┌─ Supplied entries

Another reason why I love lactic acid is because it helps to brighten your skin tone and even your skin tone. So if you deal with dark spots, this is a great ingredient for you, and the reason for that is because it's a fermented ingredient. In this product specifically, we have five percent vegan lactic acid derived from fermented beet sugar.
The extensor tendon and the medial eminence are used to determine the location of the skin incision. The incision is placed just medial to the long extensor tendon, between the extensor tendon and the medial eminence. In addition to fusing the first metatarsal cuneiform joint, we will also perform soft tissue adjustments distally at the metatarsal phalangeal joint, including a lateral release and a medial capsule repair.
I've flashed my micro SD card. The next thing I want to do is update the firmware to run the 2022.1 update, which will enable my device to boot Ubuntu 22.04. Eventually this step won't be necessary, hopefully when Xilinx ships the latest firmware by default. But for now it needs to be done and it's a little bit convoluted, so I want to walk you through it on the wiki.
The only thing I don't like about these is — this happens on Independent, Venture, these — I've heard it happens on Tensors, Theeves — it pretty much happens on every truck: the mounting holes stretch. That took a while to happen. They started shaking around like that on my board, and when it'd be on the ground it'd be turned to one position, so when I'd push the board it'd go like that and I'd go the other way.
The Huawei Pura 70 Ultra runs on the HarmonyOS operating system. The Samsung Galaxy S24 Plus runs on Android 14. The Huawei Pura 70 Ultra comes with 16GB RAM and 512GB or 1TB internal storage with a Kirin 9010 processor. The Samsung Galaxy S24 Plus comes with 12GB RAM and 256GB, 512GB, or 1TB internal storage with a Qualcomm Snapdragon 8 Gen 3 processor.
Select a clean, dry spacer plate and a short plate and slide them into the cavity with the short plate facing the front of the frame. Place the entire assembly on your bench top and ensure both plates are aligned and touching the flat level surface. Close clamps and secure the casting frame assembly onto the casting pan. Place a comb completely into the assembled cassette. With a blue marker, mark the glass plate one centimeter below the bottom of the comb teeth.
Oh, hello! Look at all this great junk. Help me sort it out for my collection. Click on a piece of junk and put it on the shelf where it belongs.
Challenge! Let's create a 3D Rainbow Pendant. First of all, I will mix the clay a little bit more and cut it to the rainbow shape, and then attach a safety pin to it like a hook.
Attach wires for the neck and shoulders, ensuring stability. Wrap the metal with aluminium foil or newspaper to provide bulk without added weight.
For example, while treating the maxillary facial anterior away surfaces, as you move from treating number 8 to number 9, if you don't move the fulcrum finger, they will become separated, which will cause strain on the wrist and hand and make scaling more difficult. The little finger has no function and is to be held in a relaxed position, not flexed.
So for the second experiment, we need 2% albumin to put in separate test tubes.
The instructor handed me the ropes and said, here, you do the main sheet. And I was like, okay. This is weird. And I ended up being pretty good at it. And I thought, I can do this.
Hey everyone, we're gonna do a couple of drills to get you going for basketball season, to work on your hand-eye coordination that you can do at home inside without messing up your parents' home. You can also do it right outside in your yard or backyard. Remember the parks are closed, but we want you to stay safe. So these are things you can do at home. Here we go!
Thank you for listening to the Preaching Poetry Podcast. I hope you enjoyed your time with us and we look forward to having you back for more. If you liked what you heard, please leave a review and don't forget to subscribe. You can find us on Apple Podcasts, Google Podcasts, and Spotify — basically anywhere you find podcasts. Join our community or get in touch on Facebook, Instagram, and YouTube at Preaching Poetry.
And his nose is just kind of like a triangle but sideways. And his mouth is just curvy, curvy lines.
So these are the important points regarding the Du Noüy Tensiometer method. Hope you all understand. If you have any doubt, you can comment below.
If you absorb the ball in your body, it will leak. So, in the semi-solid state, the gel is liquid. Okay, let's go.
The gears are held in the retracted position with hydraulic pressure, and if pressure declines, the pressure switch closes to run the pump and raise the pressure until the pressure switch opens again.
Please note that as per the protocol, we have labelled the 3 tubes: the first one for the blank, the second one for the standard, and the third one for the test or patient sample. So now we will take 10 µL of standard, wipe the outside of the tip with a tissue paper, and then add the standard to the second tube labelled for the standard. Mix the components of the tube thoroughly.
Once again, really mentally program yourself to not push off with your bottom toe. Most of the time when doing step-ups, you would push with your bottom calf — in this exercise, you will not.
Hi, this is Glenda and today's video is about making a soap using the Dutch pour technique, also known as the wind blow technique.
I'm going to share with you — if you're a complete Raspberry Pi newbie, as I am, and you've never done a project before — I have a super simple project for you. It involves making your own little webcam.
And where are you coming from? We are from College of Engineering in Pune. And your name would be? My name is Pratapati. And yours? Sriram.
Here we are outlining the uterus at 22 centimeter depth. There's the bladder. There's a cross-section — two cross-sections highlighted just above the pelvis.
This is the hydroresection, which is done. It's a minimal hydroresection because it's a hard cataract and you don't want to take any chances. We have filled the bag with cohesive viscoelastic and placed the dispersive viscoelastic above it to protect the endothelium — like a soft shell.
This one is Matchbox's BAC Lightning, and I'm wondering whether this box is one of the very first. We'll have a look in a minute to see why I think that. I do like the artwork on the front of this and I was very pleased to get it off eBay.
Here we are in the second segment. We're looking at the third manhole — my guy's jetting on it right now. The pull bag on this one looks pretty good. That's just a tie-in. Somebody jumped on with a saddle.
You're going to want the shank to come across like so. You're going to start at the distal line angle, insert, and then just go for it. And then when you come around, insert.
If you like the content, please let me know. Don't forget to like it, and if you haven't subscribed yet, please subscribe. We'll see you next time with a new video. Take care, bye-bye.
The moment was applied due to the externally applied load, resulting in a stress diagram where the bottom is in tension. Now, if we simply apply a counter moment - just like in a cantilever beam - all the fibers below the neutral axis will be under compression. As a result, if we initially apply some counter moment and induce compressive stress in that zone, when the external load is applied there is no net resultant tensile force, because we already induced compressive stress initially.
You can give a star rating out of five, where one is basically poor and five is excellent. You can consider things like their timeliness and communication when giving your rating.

└─

> **Work task**: Each line of the entries above that contains "then" is to be copied.

> **Answer for the task**:
Challenge! Let's create a 3D Rainbow Pendant. First of all, I will mix the clay a little bit more and cut it to the rainbow shape, and then attach a safety pin to it like a hook.
Please note that as per the protocol, we have labelled the 3 tubes: the first one for the blank, the second one for the standard, and the third one for the test or patient sample. So now we will take 10 µL of standard, wipe the outside of the tip with a tissue paper, and then add the standard to the second tube labelled for the standard. Mix the components of the tube thoroughly.
You're going to want the shank to come across like so. You're going to start at the distal line angle, insert, and then just go for it. And then when you come around, insert.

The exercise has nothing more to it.